EXERCISE DESCRIPTION> The entries below need to be transcribed exactly, without their images.

=== DATA FOR REVIEW ===

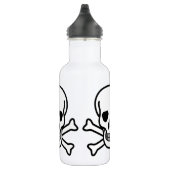 Schuif- en kruisbeenderen waterfles (Rechts)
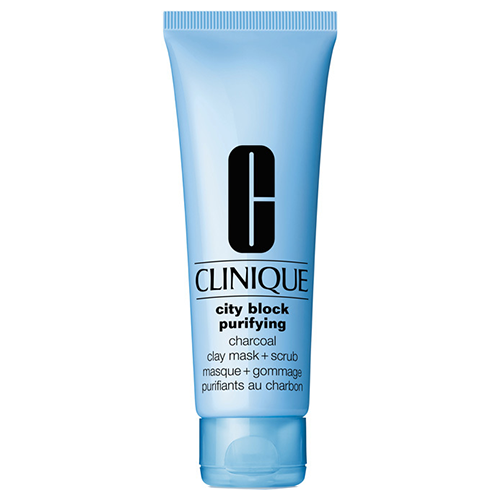 Clinique City Block Purifying™ Charcoal Clay Mask + Scrub 100ml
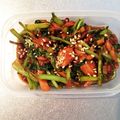 mailuvsly's cooksnap of when they made かぶの葉っぱでエコ炒め煮？.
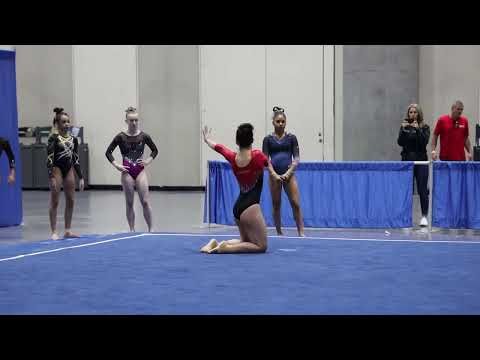 Video guide by Wildfire Gymnastics: Avery Level 10 #avery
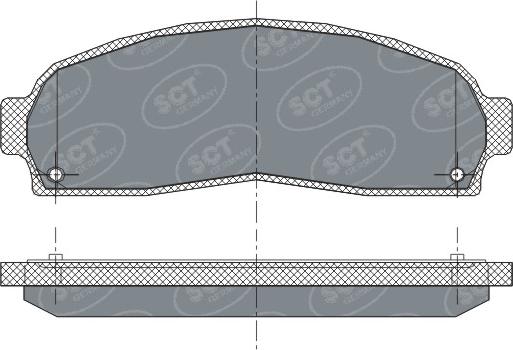 Ruville D91379740 - Kit pastiglie freno, Freno a disco autozon.pro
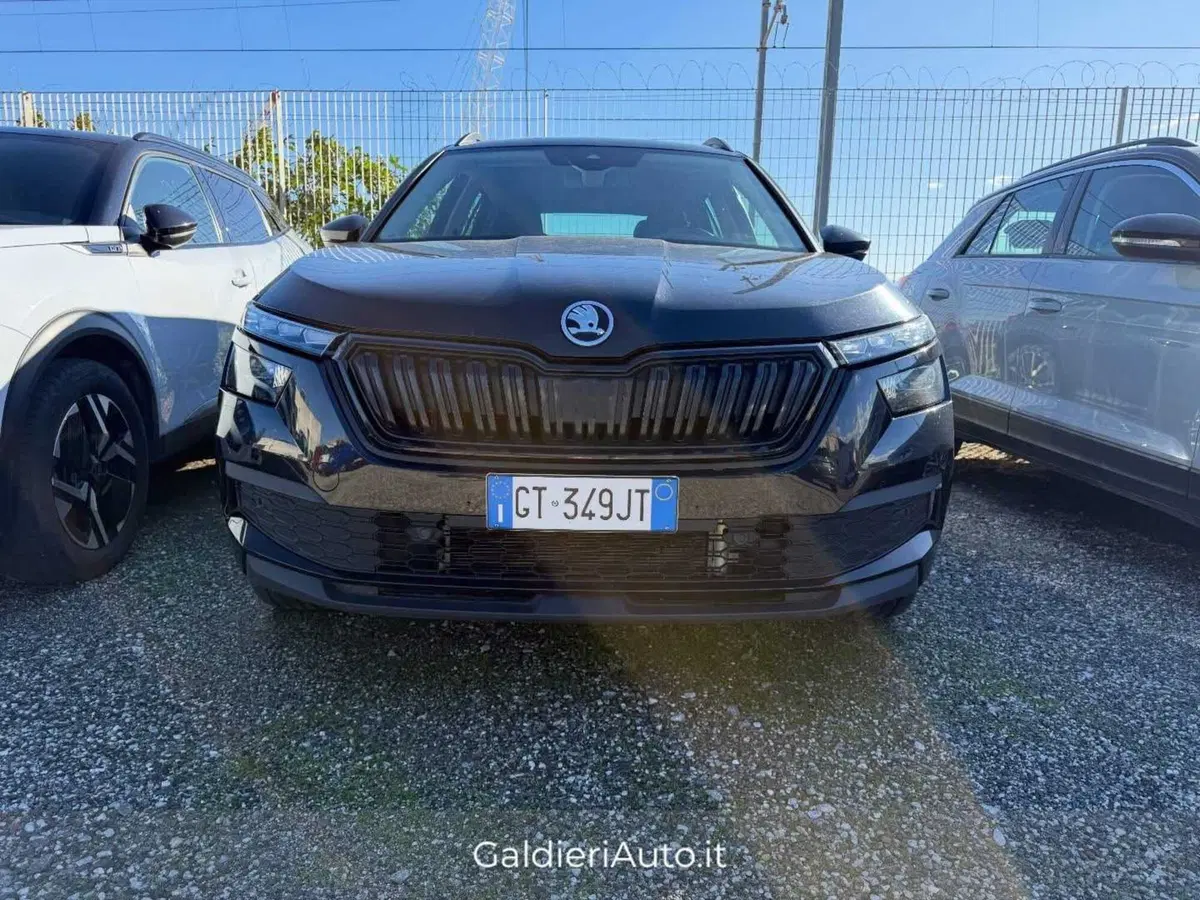 Skoda Kamiq usata a Salerno (9)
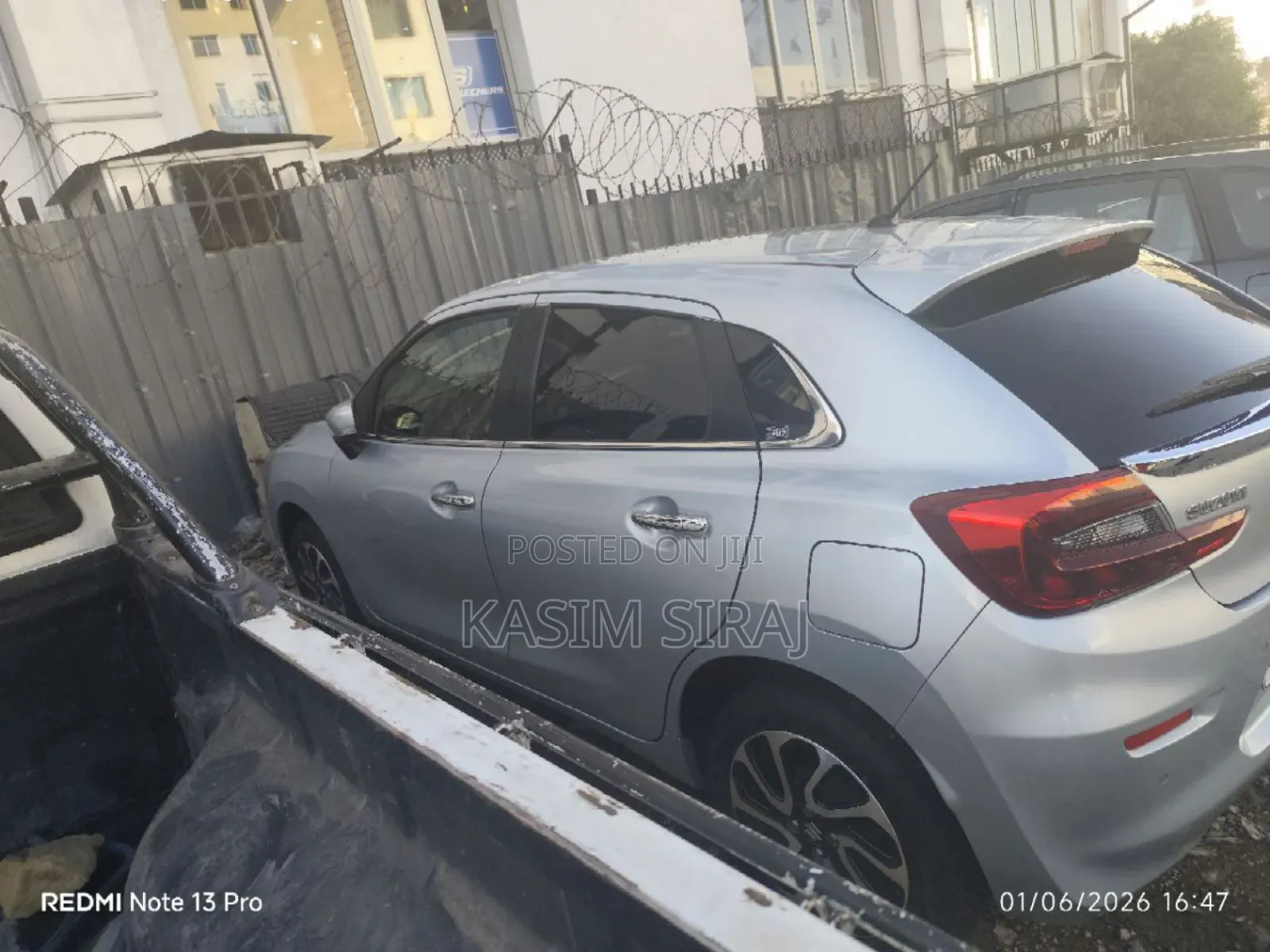 Suzuki Baleno 2022 Silver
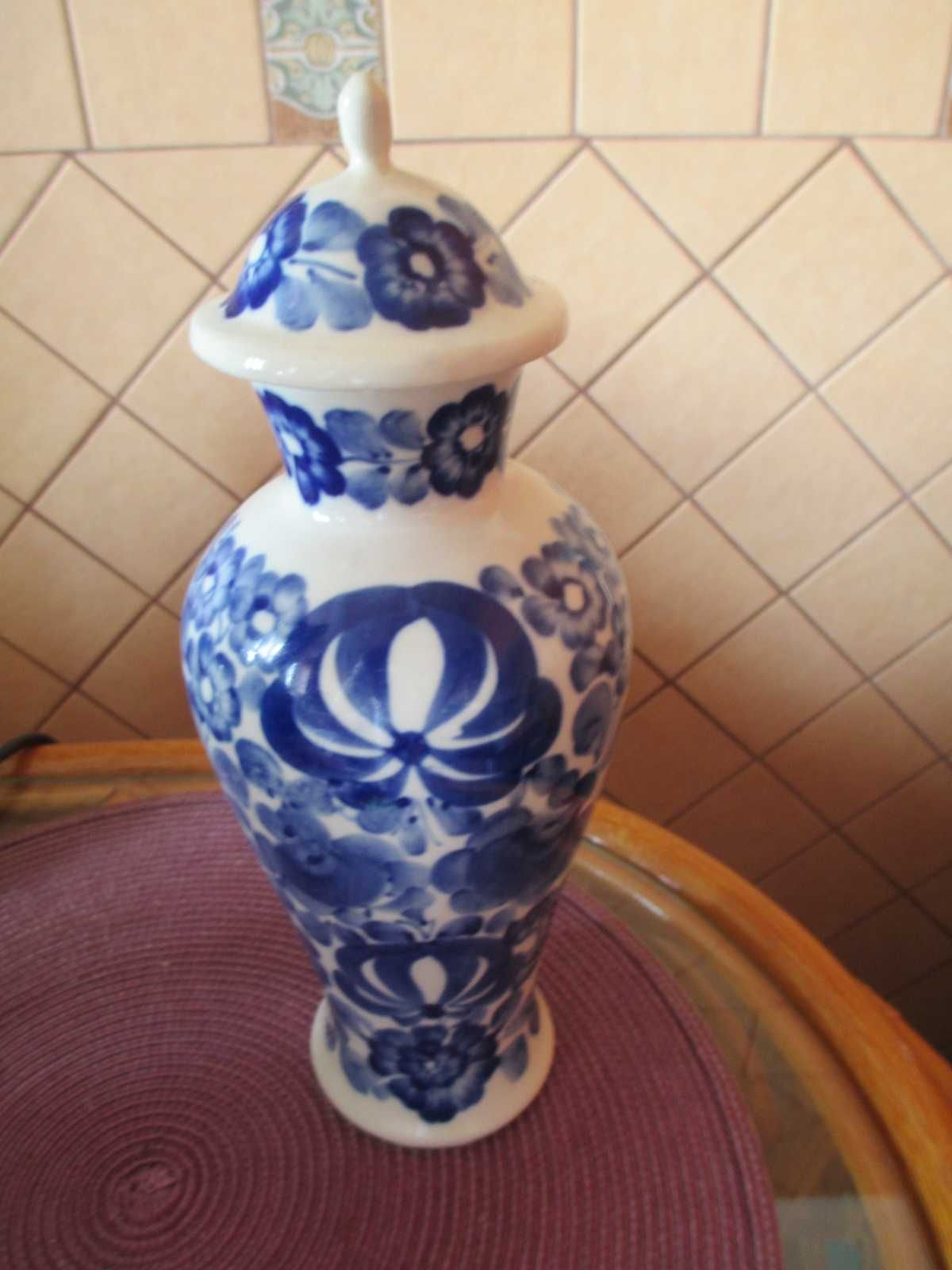 wazon z pokrywką Włocławek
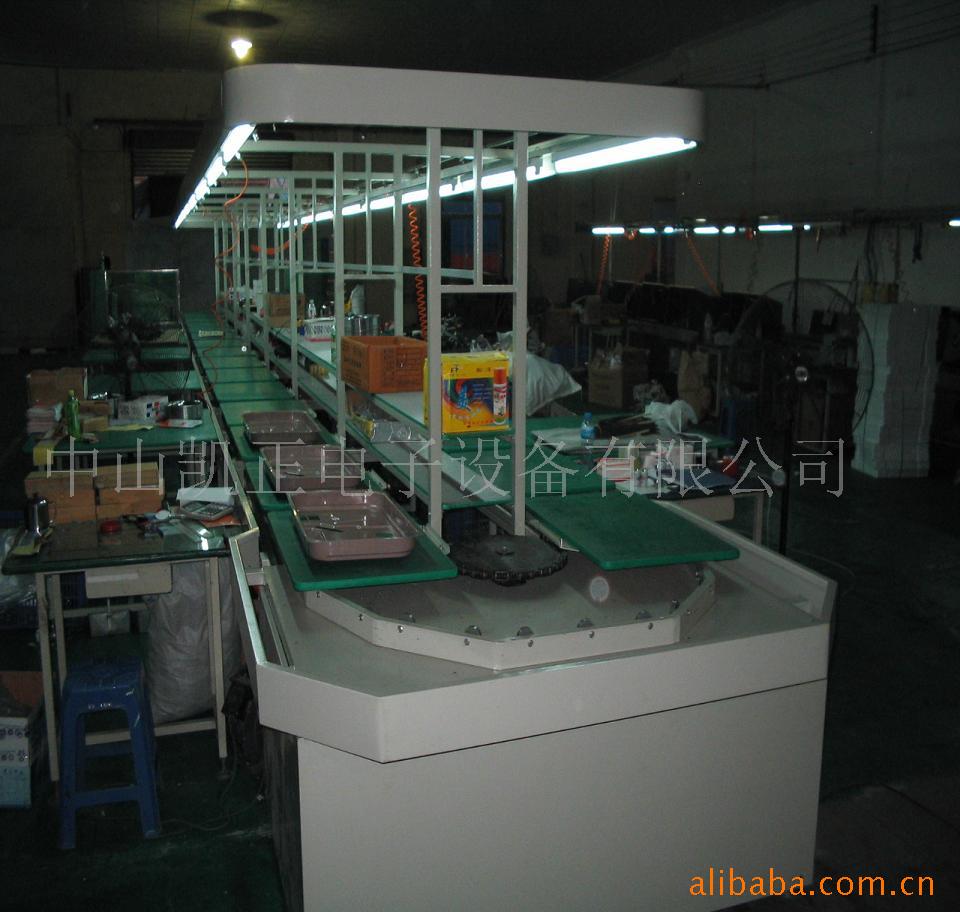 厂家直销炉具环形生产线 炉具装配线 输送线 中山流水线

===

RESPONSE FOR THIS EXERCISE>
 Schuif- en kruisbeenderen waterfles (Rechts)
 Clinique City Block Purifying™ Charcoal Clay Mask + Scrub 100ml
 mailuvsly's cooksnap of when they made かぶの葉っぱでエコ炒め煮？.
 Video guide by Wildfire Gymnastics: Avery Level 10 #avery
 Ruville D91379740 - Kit pastiglie freno, Freno a disco autozon.pro
 Skoda Kamiq usata a Salerno (9)
 Suzuki Baleno 2022 Silver
 wazon z pokrywką Włocławek
 厂家直销炉具环形生产线 炉具装配线 输送线 中山流水线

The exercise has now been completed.